L'accordo russo-armeno va ad aggiungersi a quelli già sottoscritti da Mosca con Abkhazia e Ossetia meridionale. Secondo gli osservatori, la strategia Nato di molteplici contrapposizioni “locali” alle frontiere russe appare come ragione diretta del rafforzamento, da parte del Cremlino, delle diverse regioni militari lungo i propri confini, in accordo con repubbliche, territori e soggetti federali autonomi da Mosca. Lo sfrenato attivismo Nato e USA, ad esempio, in Georgia, e le ripetute richieste rivolte a Mosca da Washington di rinunciare al riconoscimento di Abkhazia e Ossetia meridionale, insieme alla provenienza caucasica di moltissimi combattenti dello Stato islamico, sono motivo immediato dell'accordo con l'Armenia.

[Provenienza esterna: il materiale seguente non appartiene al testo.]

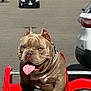 Jangalang is registered to the contest to win money with this photo: dog, pitbull, toy_car, parking_lot, tongue_out, chain_collar, red, outdoor, pet, animal, sunlight, playful, vehicle, summer, happy, cute, fun, leash, ears, close_up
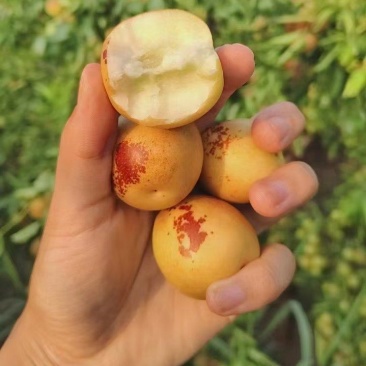 黄骅鲜冬枣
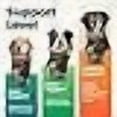 thumbnail image 3 of VetriScience Extra Strength Healthy Hip & Joint Chews, 3 of 12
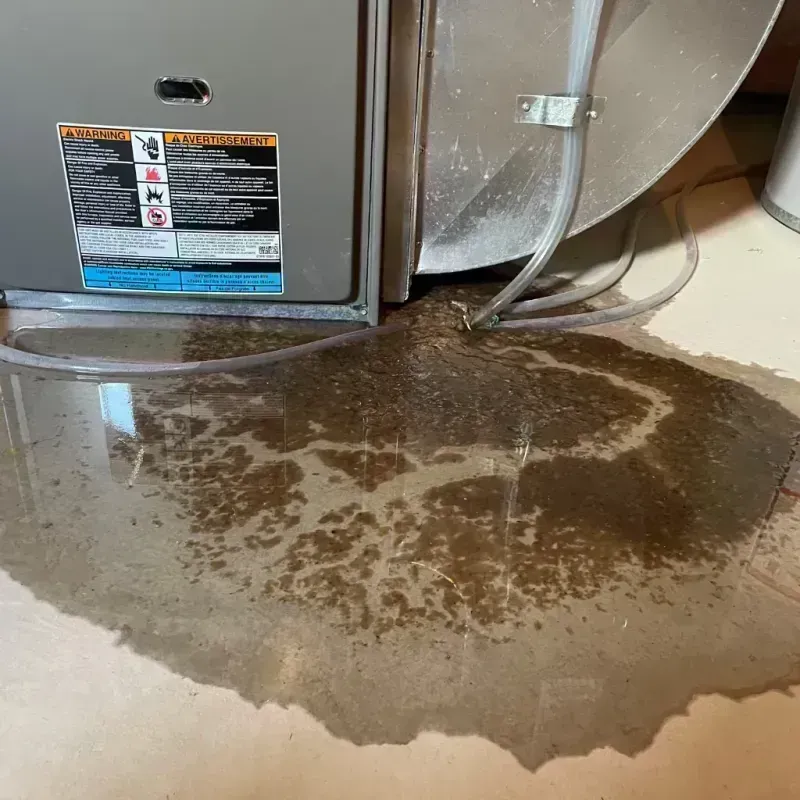 Appliance Leak Cleanup in Jersey County, IL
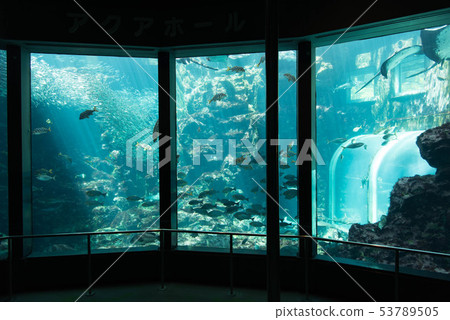 Aquarium aquarium fish near Japan 53789505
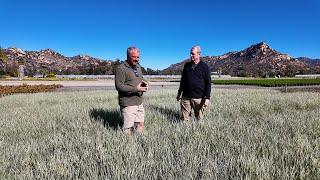 Drought Tolerant Amazing Plants for the West from the Sunset Plant Collection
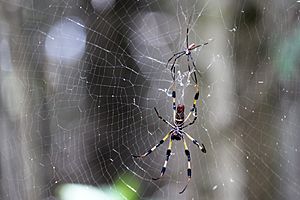 Archivo:Orb Spider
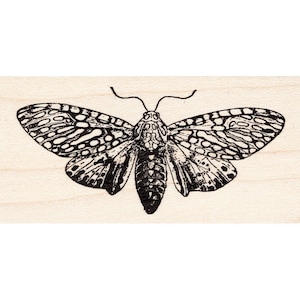 Leopard Moth 1708G Beeswax Rubber Stamps Unmounted, Cling, Mounted Stamp Scenic, Nature, Animals Stamping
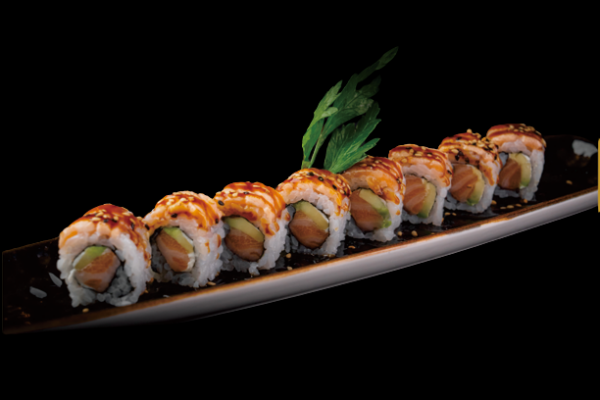 221. SALMONE SCOTTATO 8PZ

Alle frontiere settentrionali russe, invece, dove, in accordo alle decisioni Nato sul rafforzamento del fianco nordorientale dell'Alleanza atlantica, non meno intensa è l'attività delle forze occidentali, Mosca annuncia ora l'abolizione del regime dei visti a favore dei cosiddetti “non cittadini” di origine russa di Estonia e Lettonia, nati dopo il 6 febbraio 1992, data in cui è terminato l'istituto della “cittadinanza sovietica”. La decisione appare anche come una risposta – nemmeno tanto indiretta – alle spinte xenofobe e nazionaliste delle autorità dei paesi Baltici, che continuano a privare di diritti elementari le consistenti minoranze russe residenti.

Ma i rivolgimenti non sono che all'inizio: referenzum italiano, presidenziali francesi e tedesche sono, al momento, i passi più prossimi.